I have a slow day today, so I am spending a lot of it on kickstarting some writing projects I’ve wanted to play with for some time.
One was a detective novel I began a few months ago. I am a few chapters into it now and I began to wonder what it would be like if I changed the voice from third person to first person, telling the story from the view of one of the two kind-of private detectives. This is a time-honored way of doing detective stories, going back as far as dear Sherlock Holmes and one of my favorites, the Nero Wolfe novels by Rex Stout.
I am a sucker for the old film noir novels of the forties and fifties, from Raymond Chandler to the Dick Powell radio stories of Richard Diamond. Could I do something like that I wondered? Would it be more fun to write? Would it be a better story?
So I tried it this morning, converting the first chapter from third to first person. It was fun, I have to tell you. Is it better as a story? I haven’t decided. I may do another chapter or two and let it sit a while.
I like playing with person. I do it a lot in my poems, some of which fall in all three persons, first, second and third. I don’t know why some voices work better in some poems than others.
I spent much or my writing life in the third person. Poems and fiction were always in third person. Then, maybe twenty years ago, I wrote a poem called “Greubin’s First Squirrel”. I actually write several poems about Gruebin, which explored how a regular kid, a regular person, became a heartless Nazi. I wrote “Greubin’s First Squirrel” in the second person: “you”.
And I was stunned at the result. The poems were bought immediately and I had a little flurry of poetry fame. More importantly, I realized person mattered.

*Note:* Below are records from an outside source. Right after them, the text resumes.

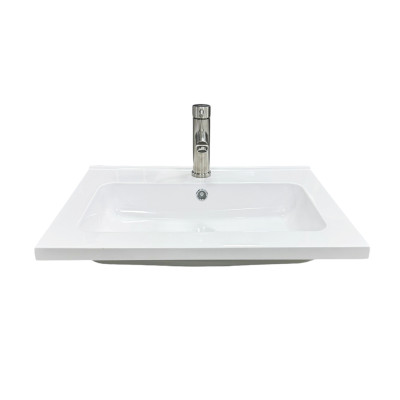 Набір для ванної кімнати, раковина, умивальник Adamant FLATE 60, штучний камінь, прямокут., з сифоном Click-Clack + змішувач Набір для ванної кімнати, раковина, умивальник Adamant FLATE 60, штучний камінь, прямокут., з сифоном Click-Clack + змішувач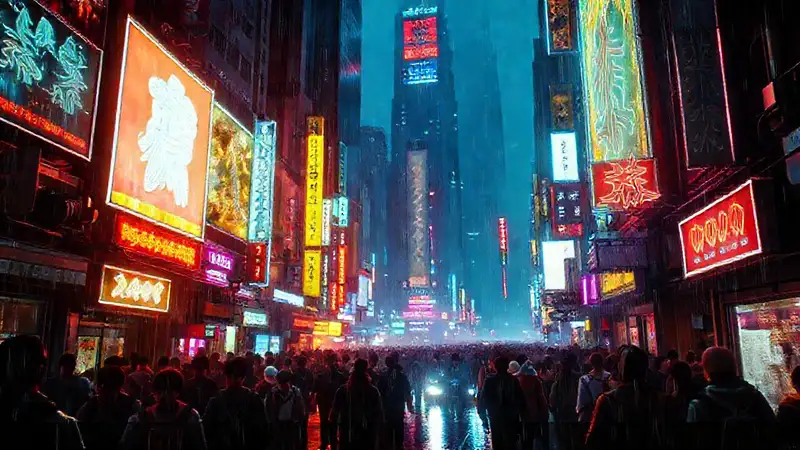 img_7fzaqmyj Ciudad cyberpunk vibrante y oscura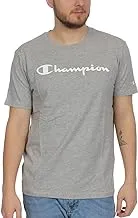 Champion Mens Crew Neck Short Sleeves Casual T-Shirt, Grey, S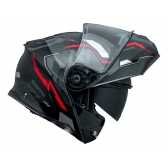 Capacete Moto Robocop Bieffe Premium B- Dynamic Attractie Vermelho Escamoteavel C/ Óculos Lançamento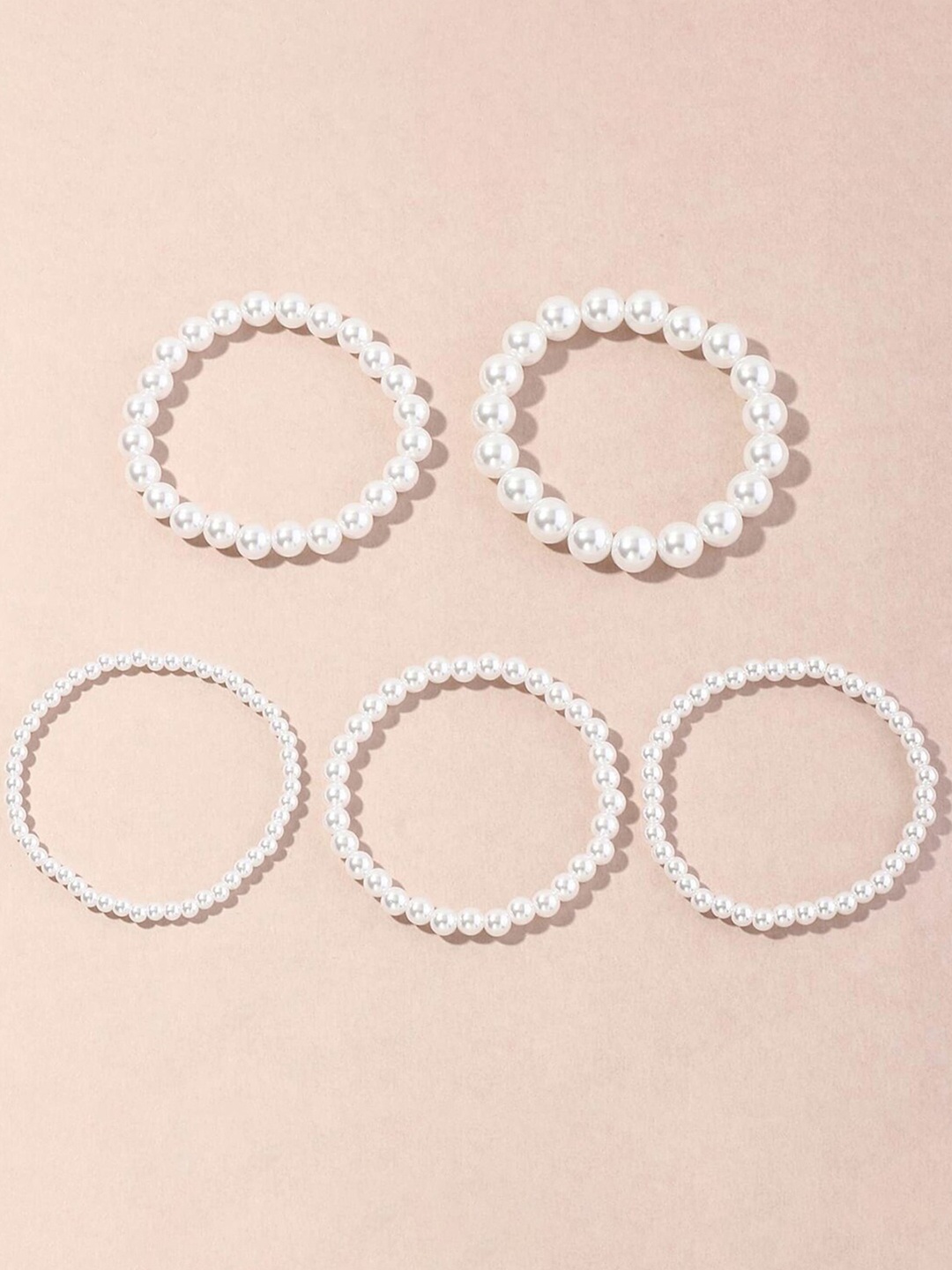 

Jewels Galaxy Women Set of 5 White Bracelet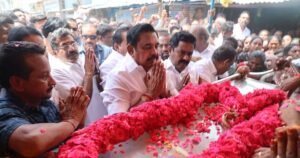 `I am standing here wounded; I cannot speak anything’ – Edappadi Palaniswami choked up in Kumbakonam!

I don’t always know when I am writing, what’s the best person to use. I tinker. I try stuff. I listen to what I write. It’s an odd kind of editing that cares less for spelling than the power of the right voice.
Mostly, I don’t like editing. I write fast and (mostly) well. A lot of my first drafts are perfectly good. My copywriting clients often tell me how good and I find myself almost embarrassed at how quickly I can write things and how little I edit.
It’s not that I don’t understand the value of editing. I do. And I do it when I think I need to. I just don’t like it. Details bore me. Nitpicking bores me, even when I understand the value.
But editing the voice, the person? That’s fun. That’s playtime. It’s like fingerpainting with words. Make it one way, stick your fingers in the wet paint and make it another way. Repeat. Sooner or later you find something good, but in the meanwhile, I’ve had fun with it.
So I had fun today. We’ll see if it sticks, if I let the fingerpainting of this version dry or mess with it again later on.
It’s nice when writing is fun. I often call it therapy and it is. Especially the poetry. But it has not lost the fun part either. You’d never know it from my verse, but my major influences in writing are Tennyson, e. e. cummings, Emily Dickenson, and Dr. Seuss. You don’t get much Suess in my poetry, but the fun part is still there as I play and experiment.
Poets and artists often get a bad rap for being morose, depressed, miserable people full of struggles and angst. And yes, some of my own verse would bear that out a bit. But we all aren’t Sylvia Plath. There is pleasure in writing, and at times fun. We enjoy doing art and often there is way more play in it, even the dark stuff, than people realize.
And when I have extra time, like today? I have fun. Way too much fun, playing with persons like a kid changing paper doll clothes, finger painted of course.
Be well. Travel wisely. Don’t forget to have fun.